In defense of white flight
A mythology has emerged that blames white flight for the impoverishment of black communities, which should be soundly rejected as false.
Bill Ponton | May 14, 2026
The term “white flight” has a strong negative connotation in polite society. It is a term often used to tar the motives of my father’s generation who, after returning from service in WWII, chose to live in the suburbs rather than return to the confines of the cities in which they had grown up. Their motives were many; however, as white flight continued throughout the ‘50s and ‘60s, there is no question that it was driven by the knowledge that city neighborhoods that were formerly inhabitable were falling into disarray with the influx of blacks that had moved there. To say otherwise, flies in the face of what was observed at the time and exists today in tangible form in cities like Detroit, Cleveland, St. Louis, Newark, Chicago, Philadelphia, and Baltimore, to name a few.
In recent decades, some white, affluent residents have moved back into central-city neighborhoods. This is sometimes described as a reversal of white flight, something that many had wished would happen. However, it was not long before this “gentrification” movement had a negative light cast upon it. As a classic example of white guilt knowing no bounds, the reinvestment in and reinvigoration of city neighborhoods brought accusations that longtime black residents were being displaced. The historical irony of the situation seeming to be lost on many.

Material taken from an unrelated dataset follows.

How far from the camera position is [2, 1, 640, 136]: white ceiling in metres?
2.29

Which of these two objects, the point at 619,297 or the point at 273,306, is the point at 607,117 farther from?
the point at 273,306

A mythology has emerged that blames white flight for the impoverishment of black communities. Explanations have emerged from academia as to how government policy dealing with housing finance, highways, schools, zoning, and taxation have created wealthy white suburbs at the expense of black neighborhoods. However, these are only strained attempts to deflect from inherent failures within the black community whose fate has been in the hands of black leaders for over a half century. White flight was a major force in 20th-century American urban history, but mythology that paints it as a bad thing should be rejected as false.